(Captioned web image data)
* * * * *

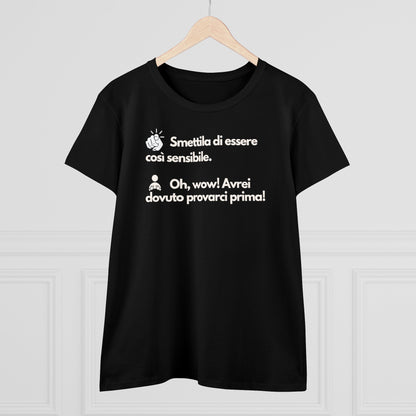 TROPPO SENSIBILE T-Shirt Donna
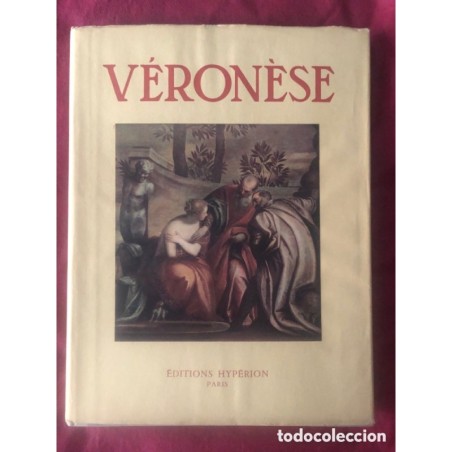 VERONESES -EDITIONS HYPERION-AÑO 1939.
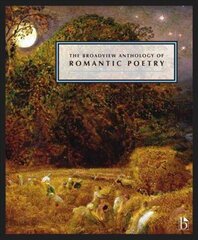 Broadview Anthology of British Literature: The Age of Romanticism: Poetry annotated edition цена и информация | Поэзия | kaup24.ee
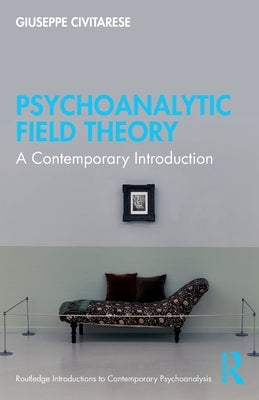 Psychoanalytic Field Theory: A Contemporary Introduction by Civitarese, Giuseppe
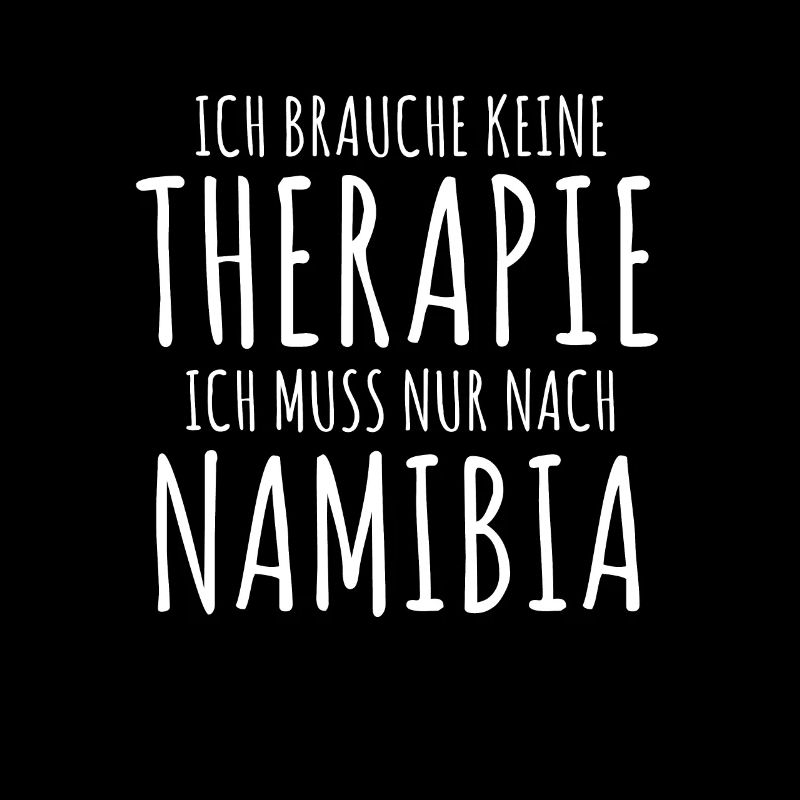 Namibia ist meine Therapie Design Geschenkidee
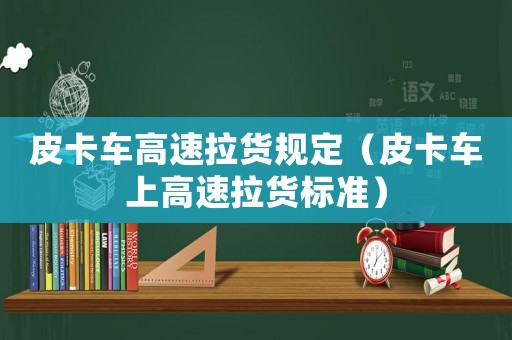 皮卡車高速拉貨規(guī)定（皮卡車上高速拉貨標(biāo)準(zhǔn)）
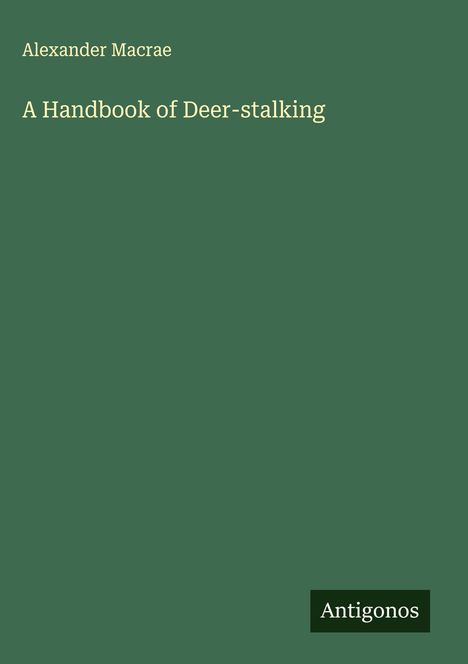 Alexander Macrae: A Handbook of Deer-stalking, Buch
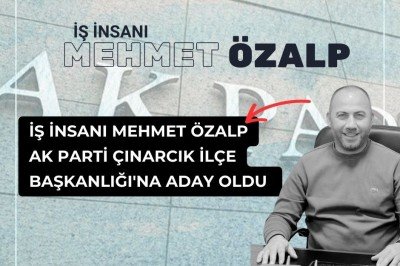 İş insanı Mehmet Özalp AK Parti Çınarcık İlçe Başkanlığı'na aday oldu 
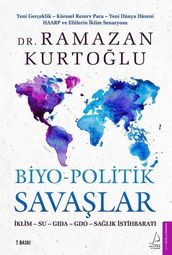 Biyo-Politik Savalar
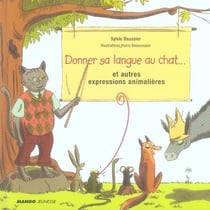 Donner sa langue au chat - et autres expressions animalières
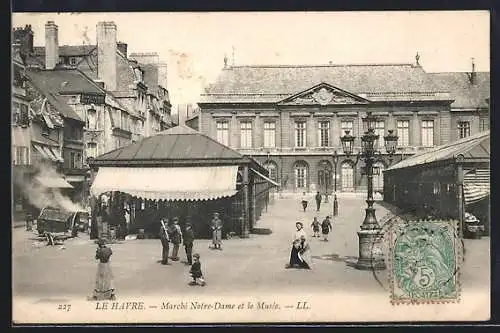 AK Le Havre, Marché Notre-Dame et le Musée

* * * * *

**Task description**.
All lines from the one containing "Psychoanalytic Field Theory: A" through the end of the data are to be written out exactly, with nothing added; skip the pictures.

**Response**.
 Psychoanalytic Field Theory: A Contemporary Introduction by Civitarese, Giuseppe
 Namibia ist meine Therapie Design Geschenkidee
 皮卡車高速拉貨規(guī)定（皮卡車上高速拉貨標(biāo)準(zhǔn)）
 Alexander Macrae: A Handbook of Deer-stalking, Buch
 İş insanı Mehmet Özalp AK Parti Çınarcık İlçe Başkanlığı'na aday oldu 
 Biyo-Politik Savalar
 Donner sa langue au chat - et autres expressions animalières
 AK Le Havre, Marché Notre-Dame et le Musée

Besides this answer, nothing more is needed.